● **About this exercise**
Copy out the full listing exactly, omitting any picture it contains.
··· Data block ···
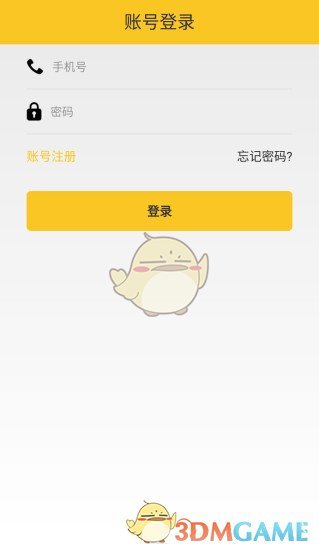 首逛 商家版手机软件app截图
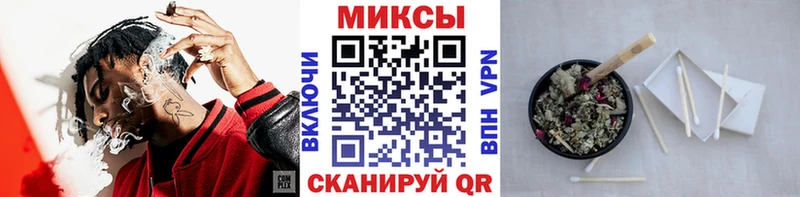 ссылка на мегу маркетплейс Алзамай БУТИРАТ Butirat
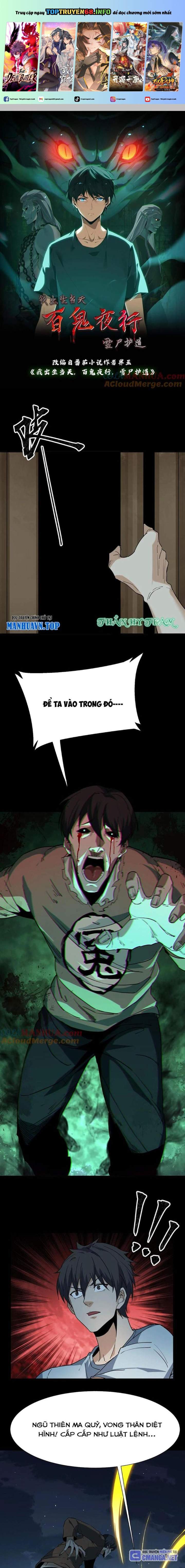 Ngày Tôi Sinh Ra, Bách Quỷ Dạ Hành, Tuyết Thi Hộ Đạo Chapter 208 - Trang 2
···
● **Response to this exercise**
 首逛 商家版手机软件app截图
 ссылка на мегу маркетплейс Алзамай БУТИРАТ Butirat
 Ngày Tôi Sinh Ra, Bách Quỷ Dạ Hành, Tuyết Thi Hộ Đạo Chapter 208 - Trang 2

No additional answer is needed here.